** Opening DATA BLOCK block **

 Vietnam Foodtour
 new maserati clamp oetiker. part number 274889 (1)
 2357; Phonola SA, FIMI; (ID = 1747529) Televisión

** Closing DATA BLOCK block **

EXERCISE: A word-for-word copy of the data above is the goal, so set it all down again.

SOLUTION FOR THIS PROBLEM:
 Vietnam Foodtour
 new maserati clamp oetiker. part number 274889 (1)
 2357; Phonola SA, FIMI; (ID = 1747529) Televisión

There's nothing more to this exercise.